Three men indicted for conspiracy to mail 3,000 pills of oxycodone from California to Ohio
Three men were indicted for their roles in a conspiracy to distribute nearly 3,000 pills of Oxycodone, said Steven M. Dettelbach, United States Attorney for the Northern District of Ohio.
Indicted are: Myron D. Black, age 44, of Mansfield, Ohio; Chauncey L. Ransom, age 49, of Inglewood, California, and Victor A. Hageman, age 45, of Euclid, Ohio.
“Prescription pill abuse is a major problem in Ohio,” Dettelbach said. “Whether it is a doctor selling prescriptions or people using the mail to ship pills across the country, we are committed to stopping the flow of illegal drugs.”
Ransom obtained a total of 2,989 pills (30 mg each) of Oxycodone, a Schedule II controlled substance, in California and mailed them to Black, Hageman and other in Ohio via the United States Postal Service Express Mail, according to the indictment.
Ransom often packaged the pills in video movie disc covers, plastic bubble mailing envelopes and other packaging to conceal the contents, according to the indictment.
Black and Hageman made arrangements with other individuals to receive the package from Ransom in return for money, usually $200, according to the indictment.

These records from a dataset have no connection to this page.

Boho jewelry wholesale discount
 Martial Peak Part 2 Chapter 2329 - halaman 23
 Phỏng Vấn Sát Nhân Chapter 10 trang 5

The conspiracy took place between at least August 2012 through April 2013, with Ransom mailing packages to addresses in Lakewood, Seven Hills, Akron and Mansfield containing shipments of between 200 and 600 pills, according to the indictment.
The indictment results from an investigation conducted by the United States Postal Inspection Service, in Cleveland, with the assistance of Metro-Richland County (Ohio) Enforcement Unit, and the Akron, Police Department, as well as the United States Postal Inspection Service, in Los Angeles, and the Los Angeles Police Department. The case is being prosecuted by Assistant United States Attorney Christian H. Stickan.
If convicted, the defendant's sentence will be determined by the court after review of factors unique to this case, including the defendant's prior criminal record, if any, the defendant's role in the offense and the characteristics of the violation. In all cases, the sentence will not exceed the statutory maximum and in most cases it will be less than the maximum.
An indictment is only a charge and is not evidence of guilt. A defendant is entitled to a fair trial in which it will be the government's burden to prove guilt beyond a reasonable doubt.